Although Benavides described Heritage Keepers as “even more appalling,” she also has reservations about Choosing the Best. One of the lessons from Choosing the Best that stuck with her asks students to go around the room marking index cards before choosing a student at random to have an STD, and therefore have infected everyone who signed their card.
“To me, it implied that if a student becomes sexually active, they're just going to go and have sex with anybody and everybody,” Benavides said. “And that’s just not fair.”
NEISD’s sex ed curriculum search is being spearheaded by a sub-committee of the district’s Student Health Advisory Council. They’re meeting Friday to discuss possible revisions ESTEEM plans to make to its materials. But unless ESTEEM is willing to make big changes quickly, Elliott said they will most likely stick with Choosing the Best.
The full Student Health Advisory Council meets Wednesday to vote on that recommendation, and the NEISD board of trustees is expected to vote on the curriculum on May 8.
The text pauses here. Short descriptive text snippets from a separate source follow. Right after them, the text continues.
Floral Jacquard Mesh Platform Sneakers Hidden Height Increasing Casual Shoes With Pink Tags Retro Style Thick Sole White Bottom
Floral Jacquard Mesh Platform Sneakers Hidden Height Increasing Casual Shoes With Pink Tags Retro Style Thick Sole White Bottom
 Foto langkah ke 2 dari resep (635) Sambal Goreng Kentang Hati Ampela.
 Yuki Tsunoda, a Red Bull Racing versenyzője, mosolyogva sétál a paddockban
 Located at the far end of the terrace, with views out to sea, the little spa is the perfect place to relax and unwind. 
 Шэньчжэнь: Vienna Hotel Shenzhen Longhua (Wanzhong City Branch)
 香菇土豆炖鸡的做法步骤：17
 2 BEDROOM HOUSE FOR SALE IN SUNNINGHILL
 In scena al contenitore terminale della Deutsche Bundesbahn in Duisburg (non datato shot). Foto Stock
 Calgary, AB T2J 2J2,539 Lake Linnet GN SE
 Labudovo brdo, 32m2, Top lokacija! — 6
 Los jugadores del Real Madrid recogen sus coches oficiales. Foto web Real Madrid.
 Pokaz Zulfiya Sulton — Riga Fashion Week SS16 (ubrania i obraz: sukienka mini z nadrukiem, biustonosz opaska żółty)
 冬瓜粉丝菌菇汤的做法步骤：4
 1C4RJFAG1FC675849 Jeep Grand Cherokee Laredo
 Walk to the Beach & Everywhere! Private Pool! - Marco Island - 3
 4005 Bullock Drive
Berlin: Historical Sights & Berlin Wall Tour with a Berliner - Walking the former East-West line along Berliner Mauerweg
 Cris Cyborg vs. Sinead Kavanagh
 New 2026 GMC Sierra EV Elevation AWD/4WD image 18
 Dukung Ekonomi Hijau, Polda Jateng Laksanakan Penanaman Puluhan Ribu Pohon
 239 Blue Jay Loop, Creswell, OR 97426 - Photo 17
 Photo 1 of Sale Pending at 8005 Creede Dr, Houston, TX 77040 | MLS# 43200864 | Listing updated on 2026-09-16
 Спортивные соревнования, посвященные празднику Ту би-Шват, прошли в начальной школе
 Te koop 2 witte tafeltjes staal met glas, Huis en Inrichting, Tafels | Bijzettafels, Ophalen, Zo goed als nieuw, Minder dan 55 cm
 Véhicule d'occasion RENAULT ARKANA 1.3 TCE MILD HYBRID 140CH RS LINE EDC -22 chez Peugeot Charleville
While choosing a sex education curriculum is unlikely to ever be a non-event in Texas, recent changes on NEISD’s board and simmering tensions over the last curriculum selection heighten the stakes for this decision.
NEISD reformed the membership of the advisory council this year. Appointments are now made by school board trustees, a move that Benavides said makes the curriculum selection more political.
At the meeting in March, Elliott and other committee members pushed back against that idea. They also defended the use of a “CSE harmful analysis tool” as part of the rubric they used to judge curriculum. The tool was created by Family Watch International, which the Southern Poverty Law Center lists as an anti-LGBT hate group.
“We did not select that because of any political views or any affiliation with that group whatsoever. We selected it because it had good criteria. We felt and we all agreed as a group that we felt the criteria in it was at least acceptable as a basic standard,” Elliott said, adding that the tool measures whether curriculum does things like “sexualize children” or “promote abortion.”
Elliott said he disregarded the hate group label because Southern Poverty Law Center is politically motivated.
“I started looking and the group that calls Family Watch a hate group is not a reputable group at all,” Elliott said.
It’s become increasingly common in recent years for members of the Republican Party to disregard the Southern Poverty Law Center. The Republican National Committee adopted a resolution against SPLC in 2020.
About 30 people attended both of the committee’s public meetings. One of the parents Thursday asked why they hadn’t been better publicized. One of the committee members said they had the same concern.